Key Deadlines Every Employer Should Know
EU Member States must transpose the Directive into national law by 7 June 2026. Only after this transposition will the specific obligations become enforceable at the national level.
Once national laws are in place, employers need to prepare for phased pay gap reporting:
250+ employees: first reports due by 7 June 2027 (then annually)
150 – 249 employees: first report by 7 June 2027 (then every 3 years)
100 – 149 employees: reporting begins by 2031 (every 3 years)
Member States may impose even stricter requirements or include smaller companies in reporting obligations.
What Employers Will Be Required to Do
Once implemented nationally, the Directive introduces several important duties:
1. Reporting on Gender Pay Gaps
Employers with 100+ employees will need to publish detailed pay gap reports, covering:
Average gender pay gap
Gap in variable or supplementary pay
Median and mean pay comparisons
Distribution of men and women across pay quartiles
If a pay gap of 5 % or more is identified and cannot be justified on objective, gender-neutral grounds, companies must take action to correct it within six months of reporting.
2. Salary Transparency in Recruitment
Employers will be required to include salary ranges in job postings and disclose the criteria used to determine pay.

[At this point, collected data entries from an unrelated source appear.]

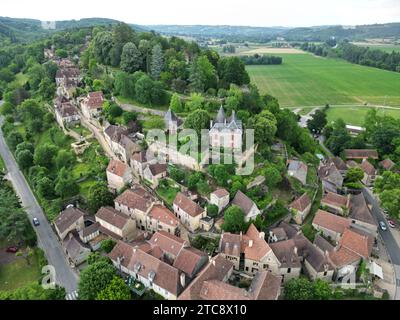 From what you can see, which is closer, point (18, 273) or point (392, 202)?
point (18, 273)

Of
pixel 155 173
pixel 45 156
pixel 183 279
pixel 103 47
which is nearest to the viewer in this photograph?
pixel 183 279

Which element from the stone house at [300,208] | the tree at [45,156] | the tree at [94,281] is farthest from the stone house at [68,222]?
the stone house at [300,208]

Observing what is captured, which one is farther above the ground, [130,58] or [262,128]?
[130,58]

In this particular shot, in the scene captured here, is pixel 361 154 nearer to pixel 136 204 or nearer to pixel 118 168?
pixel 136 204

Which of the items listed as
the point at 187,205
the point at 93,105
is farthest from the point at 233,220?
the point at 93,105

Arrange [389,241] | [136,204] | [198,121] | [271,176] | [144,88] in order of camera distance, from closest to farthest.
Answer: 1. [136,204]
2. [389,241]
3. [271,176]
4. [198,121]
5. [144,88]

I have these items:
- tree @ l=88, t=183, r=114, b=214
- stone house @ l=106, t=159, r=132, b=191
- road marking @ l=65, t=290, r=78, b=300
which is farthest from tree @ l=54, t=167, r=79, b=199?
road marking @ l=65, t=290, r=78, b=300

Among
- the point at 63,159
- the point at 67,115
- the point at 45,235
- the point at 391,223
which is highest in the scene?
the point at 67,115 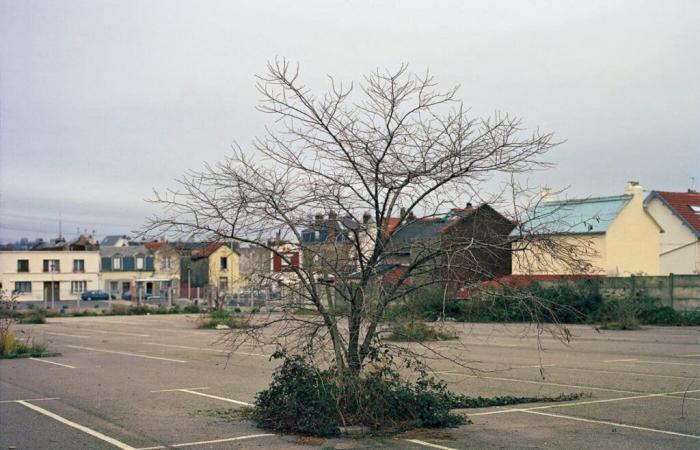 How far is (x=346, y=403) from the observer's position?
10.2 meters

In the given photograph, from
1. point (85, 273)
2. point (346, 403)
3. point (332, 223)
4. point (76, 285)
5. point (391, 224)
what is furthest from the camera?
point (76, 285)

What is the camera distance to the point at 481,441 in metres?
9.73

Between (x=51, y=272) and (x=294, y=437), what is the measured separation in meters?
78.8

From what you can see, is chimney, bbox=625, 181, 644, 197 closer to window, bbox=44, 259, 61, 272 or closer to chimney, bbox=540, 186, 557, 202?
chimney, bbox=540, 186, 557, 202

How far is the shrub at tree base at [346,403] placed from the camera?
10.1m

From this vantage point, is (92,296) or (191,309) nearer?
(191,309)

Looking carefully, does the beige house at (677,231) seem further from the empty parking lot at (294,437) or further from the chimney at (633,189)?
the empty parking lot at (294,437)

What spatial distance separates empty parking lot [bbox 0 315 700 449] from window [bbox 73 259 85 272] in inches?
2472

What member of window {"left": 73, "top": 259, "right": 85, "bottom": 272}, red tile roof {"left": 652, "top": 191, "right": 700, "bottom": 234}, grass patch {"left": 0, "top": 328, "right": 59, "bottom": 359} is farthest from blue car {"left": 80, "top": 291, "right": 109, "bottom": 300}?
grass patch {"left": 0, "top": 328, "right": 59, "bottom": 359}

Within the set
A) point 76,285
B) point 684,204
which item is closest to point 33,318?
point 76,285

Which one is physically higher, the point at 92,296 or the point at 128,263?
the point at 128,263

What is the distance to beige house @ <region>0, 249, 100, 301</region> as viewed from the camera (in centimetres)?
7850

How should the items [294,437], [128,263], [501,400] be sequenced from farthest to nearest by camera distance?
[128,263] < [501,400] < [294,437]

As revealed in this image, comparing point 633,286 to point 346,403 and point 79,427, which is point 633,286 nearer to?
point 346,403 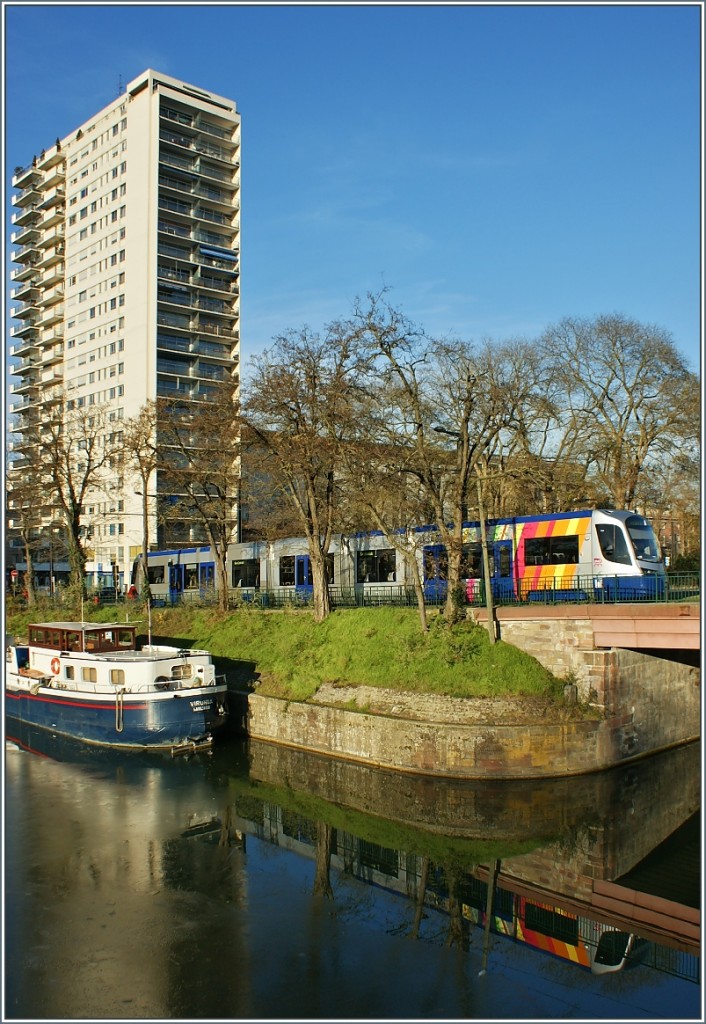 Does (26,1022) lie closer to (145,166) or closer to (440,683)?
(440,683)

Potential and current employees should have the right to request information on pay comparisons for roles of equal value.

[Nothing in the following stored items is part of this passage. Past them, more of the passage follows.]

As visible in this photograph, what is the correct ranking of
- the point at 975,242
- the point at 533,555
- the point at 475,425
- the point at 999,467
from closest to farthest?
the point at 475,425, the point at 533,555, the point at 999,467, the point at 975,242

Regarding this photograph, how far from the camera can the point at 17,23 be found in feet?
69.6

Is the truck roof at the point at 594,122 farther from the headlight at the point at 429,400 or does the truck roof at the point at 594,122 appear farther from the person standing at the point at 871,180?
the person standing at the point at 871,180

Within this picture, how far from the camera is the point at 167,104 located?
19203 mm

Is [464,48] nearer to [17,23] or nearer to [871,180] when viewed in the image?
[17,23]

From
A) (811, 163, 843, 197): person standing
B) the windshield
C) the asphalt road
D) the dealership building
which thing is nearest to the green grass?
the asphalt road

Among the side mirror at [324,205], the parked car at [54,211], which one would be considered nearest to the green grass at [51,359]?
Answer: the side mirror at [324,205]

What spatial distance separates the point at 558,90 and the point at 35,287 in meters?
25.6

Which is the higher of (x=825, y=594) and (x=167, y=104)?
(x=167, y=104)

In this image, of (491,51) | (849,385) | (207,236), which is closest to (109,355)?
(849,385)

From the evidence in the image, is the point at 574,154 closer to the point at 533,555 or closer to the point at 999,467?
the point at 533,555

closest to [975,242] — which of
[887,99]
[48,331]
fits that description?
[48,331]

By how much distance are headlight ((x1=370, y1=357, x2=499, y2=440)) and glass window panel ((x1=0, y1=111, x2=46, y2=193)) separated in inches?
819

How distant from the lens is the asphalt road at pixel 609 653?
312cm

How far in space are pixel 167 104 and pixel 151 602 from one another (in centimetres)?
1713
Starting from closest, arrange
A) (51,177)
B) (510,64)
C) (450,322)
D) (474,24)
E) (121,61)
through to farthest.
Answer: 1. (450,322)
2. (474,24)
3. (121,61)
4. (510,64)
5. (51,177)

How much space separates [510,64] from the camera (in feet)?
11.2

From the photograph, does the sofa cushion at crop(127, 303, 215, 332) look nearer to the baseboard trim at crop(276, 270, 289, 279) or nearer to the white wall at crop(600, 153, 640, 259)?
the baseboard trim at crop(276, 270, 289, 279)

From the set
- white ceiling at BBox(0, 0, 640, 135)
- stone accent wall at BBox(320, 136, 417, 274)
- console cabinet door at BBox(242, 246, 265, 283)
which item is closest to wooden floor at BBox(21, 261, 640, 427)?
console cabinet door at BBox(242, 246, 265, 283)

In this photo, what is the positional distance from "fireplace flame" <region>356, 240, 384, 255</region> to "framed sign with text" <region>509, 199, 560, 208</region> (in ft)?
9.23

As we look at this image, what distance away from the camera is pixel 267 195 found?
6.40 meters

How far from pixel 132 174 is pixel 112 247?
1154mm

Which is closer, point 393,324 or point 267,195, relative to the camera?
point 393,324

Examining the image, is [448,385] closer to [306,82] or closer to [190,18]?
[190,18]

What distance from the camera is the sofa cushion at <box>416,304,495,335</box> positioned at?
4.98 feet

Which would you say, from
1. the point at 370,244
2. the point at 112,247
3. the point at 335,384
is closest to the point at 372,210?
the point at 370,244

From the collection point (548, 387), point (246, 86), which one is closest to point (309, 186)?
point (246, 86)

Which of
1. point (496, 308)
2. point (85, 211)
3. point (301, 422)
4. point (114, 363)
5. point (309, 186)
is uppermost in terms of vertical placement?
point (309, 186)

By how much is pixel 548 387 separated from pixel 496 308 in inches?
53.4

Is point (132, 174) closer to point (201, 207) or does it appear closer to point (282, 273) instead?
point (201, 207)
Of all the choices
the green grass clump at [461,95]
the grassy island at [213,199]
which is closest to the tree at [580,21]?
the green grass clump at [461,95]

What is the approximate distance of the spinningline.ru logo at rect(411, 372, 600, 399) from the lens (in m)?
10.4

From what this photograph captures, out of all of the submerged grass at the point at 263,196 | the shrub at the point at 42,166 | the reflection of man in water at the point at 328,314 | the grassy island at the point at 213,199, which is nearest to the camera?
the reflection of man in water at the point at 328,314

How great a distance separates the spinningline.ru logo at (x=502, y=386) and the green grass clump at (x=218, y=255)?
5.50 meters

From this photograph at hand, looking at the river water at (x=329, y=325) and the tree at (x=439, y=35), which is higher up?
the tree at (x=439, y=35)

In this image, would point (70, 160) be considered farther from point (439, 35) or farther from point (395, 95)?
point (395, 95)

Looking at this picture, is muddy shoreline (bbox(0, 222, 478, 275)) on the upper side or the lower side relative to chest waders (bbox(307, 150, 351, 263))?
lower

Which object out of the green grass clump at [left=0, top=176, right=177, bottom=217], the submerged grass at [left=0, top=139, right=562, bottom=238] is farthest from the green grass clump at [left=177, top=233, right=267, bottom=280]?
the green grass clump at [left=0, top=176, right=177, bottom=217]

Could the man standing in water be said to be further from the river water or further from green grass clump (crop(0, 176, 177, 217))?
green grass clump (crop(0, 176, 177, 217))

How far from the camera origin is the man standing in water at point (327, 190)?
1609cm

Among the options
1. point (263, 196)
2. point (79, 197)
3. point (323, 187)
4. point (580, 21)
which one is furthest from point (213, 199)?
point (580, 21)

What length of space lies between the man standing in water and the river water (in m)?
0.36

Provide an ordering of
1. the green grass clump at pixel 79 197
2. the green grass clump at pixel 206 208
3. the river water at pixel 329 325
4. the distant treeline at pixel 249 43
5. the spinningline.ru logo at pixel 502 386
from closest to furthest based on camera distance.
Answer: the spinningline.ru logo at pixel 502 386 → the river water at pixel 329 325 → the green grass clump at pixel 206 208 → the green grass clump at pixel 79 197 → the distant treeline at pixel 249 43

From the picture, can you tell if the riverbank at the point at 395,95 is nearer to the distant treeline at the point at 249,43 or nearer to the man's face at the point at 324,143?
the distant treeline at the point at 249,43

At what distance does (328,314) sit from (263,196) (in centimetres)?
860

This is intended to prevent discriminatory negotiation practices and reduce information asymmetry in hiring.
3. Objective Pay Setting
The Directive strengthens the legal principle that equal work or work of equal value must be remunerated equally. Employers must rely on objective, gender-neutral criteria when determining remuneration.
How Employers Can Prepare Now
With the June 2026 deadline approaching fast, preparation should begin immediately:
Audit Current Pay Structures: Start collecting and analysing internal pay data by gender across all job categories.
Establish Transparent Pay Policies: Create documented, objective criteria for salary decisions and ranges for roles.
Engage HR, Legal & Compliance: Integrate reporting and compliance tasks into your HR and governance frameworks.
Educate Leaders and Employees: Build internal understanding of the Directive’s requirements and expectations.
Conclusion
The EU Pay Transparency Directive marks a significant shift from “equal pay as a principle” toward equal pay as proof. It places employers and policymakers on a shared journey toward measurable gender pay equity, backed by enforceable transparency measures and accountability.
For employers operating across the EU and HR professionals supporting them early action is not only wise, it’s essential. Compliance will require strategic planning, cultural change, and robust data management, but it also presents a unique opportunity to lead on fairness and equity in the workplace.